== Task goal ==
Please give back, word for word, only the lines starting at the one containing "Woodbridge Family Dental" and ending at the one containing "61617194029 For BMW" within the material below.

== Information supplied ==

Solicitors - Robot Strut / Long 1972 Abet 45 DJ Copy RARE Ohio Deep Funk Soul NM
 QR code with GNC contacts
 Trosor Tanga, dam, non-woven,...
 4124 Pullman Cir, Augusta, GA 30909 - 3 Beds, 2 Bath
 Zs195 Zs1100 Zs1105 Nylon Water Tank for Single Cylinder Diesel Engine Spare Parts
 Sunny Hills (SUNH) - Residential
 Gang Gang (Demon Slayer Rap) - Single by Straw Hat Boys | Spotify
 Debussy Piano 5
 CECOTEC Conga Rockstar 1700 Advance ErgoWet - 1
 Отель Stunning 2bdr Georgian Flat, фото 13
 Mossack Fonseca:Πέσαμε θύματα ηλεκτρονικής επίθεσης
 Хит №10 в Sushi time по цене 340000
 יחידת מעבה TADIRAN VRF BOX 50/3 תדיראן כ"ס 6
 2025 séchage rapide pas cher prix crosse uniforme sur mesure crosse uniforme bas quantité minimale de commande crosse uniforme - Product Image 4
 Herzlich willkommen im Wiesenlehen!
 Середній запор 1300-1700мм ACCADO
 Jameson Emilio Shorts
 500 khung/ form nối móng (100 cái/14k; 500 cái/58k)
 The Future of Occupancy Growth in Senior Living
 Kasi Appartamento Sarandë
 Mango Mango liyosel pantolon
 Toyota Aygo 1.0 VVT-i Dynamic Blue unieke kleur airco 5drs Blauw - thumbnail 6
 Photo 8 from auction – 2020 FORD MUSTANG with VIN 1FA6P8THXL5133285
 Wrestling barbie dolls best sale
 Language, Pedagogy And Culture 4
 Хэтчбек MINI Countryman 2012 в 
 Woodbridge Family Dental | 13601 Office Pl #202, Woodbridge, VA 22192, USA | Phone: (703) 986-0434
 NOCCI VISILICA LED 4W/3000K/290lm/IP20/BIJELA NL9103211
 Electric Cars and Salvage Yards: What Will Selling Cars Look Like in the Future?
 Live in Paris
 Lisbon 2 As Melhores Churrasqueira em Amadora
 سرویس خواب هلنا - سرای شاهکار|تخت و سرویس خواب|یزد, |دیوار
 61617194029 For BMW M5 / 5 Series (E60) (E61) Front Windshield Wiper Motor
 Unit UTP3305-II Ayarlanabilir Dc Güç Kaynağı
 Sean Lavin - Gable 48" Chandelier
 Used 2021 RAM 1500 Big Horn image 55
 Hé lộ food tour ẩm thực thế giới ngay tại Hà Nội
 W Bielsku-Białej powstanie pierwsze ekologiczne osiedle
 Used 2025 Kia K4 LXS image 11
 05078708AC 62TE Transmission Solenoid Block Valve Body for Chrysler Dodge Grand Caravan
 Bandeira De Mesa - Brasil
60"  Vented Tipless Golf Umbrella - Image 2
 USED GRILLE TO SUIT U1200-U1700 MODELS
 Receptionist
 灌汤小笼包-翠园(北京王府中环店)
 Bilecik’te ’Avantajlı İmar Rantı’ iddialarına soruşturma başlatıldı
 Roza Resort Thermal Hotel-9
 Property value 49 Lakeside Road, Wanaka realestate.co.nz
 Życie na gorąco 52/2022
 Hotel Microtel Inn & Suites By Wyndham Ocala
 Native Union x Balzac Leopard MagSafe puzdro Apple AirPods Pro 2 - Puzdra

== Solved problem ==
 Woodbridge Family Dental | 13601 Office Pl #202, Woodbridge, VA 22192, USA | Phone: (703) 986-0434
 NOCCI VISILICA LED 4W/3000K/290lm/IP20/BIJELA NL9103211
 Electric Cars and Salvage Yards: What Will Selling Cars Look Like in the Future?
 Live in Paris
 Lisbon 2 As Melhores Churrasqueira em Amadora
 سرویس خواب هلنا - سرای شاهکار|تخت و سرویس خواب|یزد, |دیوار
 61617194029 For BMW M5 / 5 Series (E60) (E61) Front Windshield Wiper Motor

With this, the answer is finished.